Hope everyone is doing well...hate to see/hear about accidents...then again there seems to be a lot of riders lacking the experience for this type of ride. Mix them in amongst the speed demons, and there are bound to be problems either due to rider-rider or rider inexperience issues. Just my $0.02 - YMMV.


----------



## bigskychuck (Jul 14, 2008)

I was headed up Carsons when all those vehicles blazed by. When I got there they had traffic narrowed to 1 1/2 lanes and were putting a rider on a stretcher. I saw a mangled front wheel, and heard someone comment about how they were going to avoid carbon wheels, but didn't hear anything else about it.

On the descent of the east side of Ebetts it looked like 2 bikers may have collided - their bikes were a bit twisted.

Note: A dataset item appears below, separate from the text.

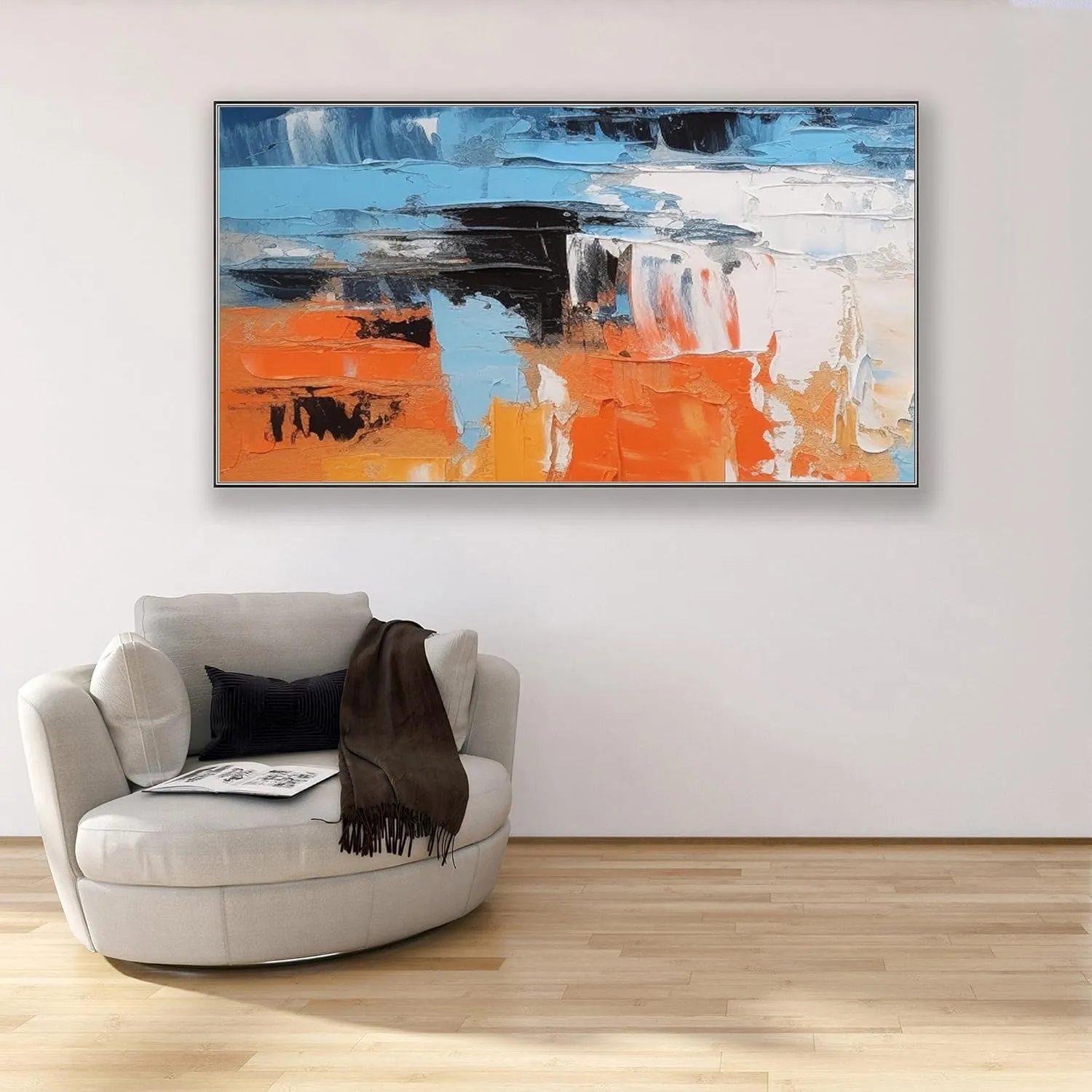 Yahedoba Blue and white acrylic paintings, simple abstract hand-painted oil paintings,(122 * 244cm) 48 * 96 Inches,Unstretched,Frameless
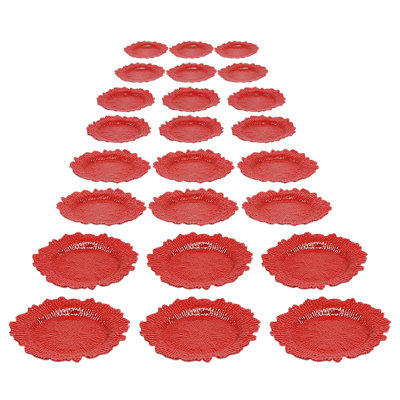 Ensemble de 24 assiettes décoratives en plastique 12,6 po pour assiettes décoratives multicolores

There seemed to be a lot of health and mechanical problems this year compared to '08 - or maybe I was just more cognizant of them this time. There was a helicopter buzzing around on my ascent of east side of Ebetts, too; hopefully they weren't picking someone up.


----------



## Gnarly 928 (Nov 19, 2005)

Hey Nor Cal...Good job on what is a substantial undertaking...That is not an Easy Ride, by any means and yet you sound like you pulled it off without problems...other than I bet your butt was sore and you were pretty tired at the end. 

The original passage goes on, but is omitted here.